Lebt in Basel. Arbeitet überall. Reist recht viel. Vor allem nach Asien. Und in den Deep South der USA. Verdient sein Geld seit über einem Vierteljahrhundert mit Schreibarbeiten. Vorher hat er als Pfleger in einer Irrenanstalt gewirkt. Hat mehrere Bücher veröffentlicht. Spielt seit 40 Jahren fanatisch Gitarre, zwischendurch singt er auch noch dazu. Schreibt unter anderem für Kult. Ist manchmal gut aufgelegt. Manchmal schlecht. Meistens so mittel. Sammelt Bücher, CDs, Filme, Artefakte. In einem psychisch leicht auffälligen Ausmass. Verfügt, bezüglich der Dinge, die er sammelt, über ein lexikalisches Wissen. Platz ist einerseits ein Wanderer auf dem Pfad zur linken Hand. Andererseits Neofreudianer mit Waffenschein.

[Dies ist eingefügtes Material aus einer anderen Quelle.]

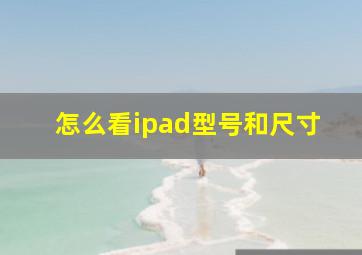 怎么看ipad型号和尺寸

Liebt Blues und Voodoo, Rock'n'Roll und die schwarze Göttin Kali. Trinkt gerne Single Malt Whisky aus Schottland. Raucht Kette. Ist bereits über 50 Jahre alt. Macht einstweilen weiter. Trotzdem wünscht er nichts sehnlicher herbei als die Apokalypse.

WARNHINWEIS:
Dieser Mann tritt manchmal als katholischer Geistlicher auf, stilecht, mit einem besonders steifen weissen Kragen am Collarhemd. Dies tut er in gänzlich irreführender Art und Weise und ohne jegliche kirchliche Legitimation. Schenken Sie ihm - um Gottes Willen - keinen Glauben. Lassen Sie sich nicht von ihm trauen, ölen oder beerdigen. Lassen Sie sich von ihm keinesfalls Ihre Beichte abnehmen. Geben Sie ihm lieber Ihr Geld.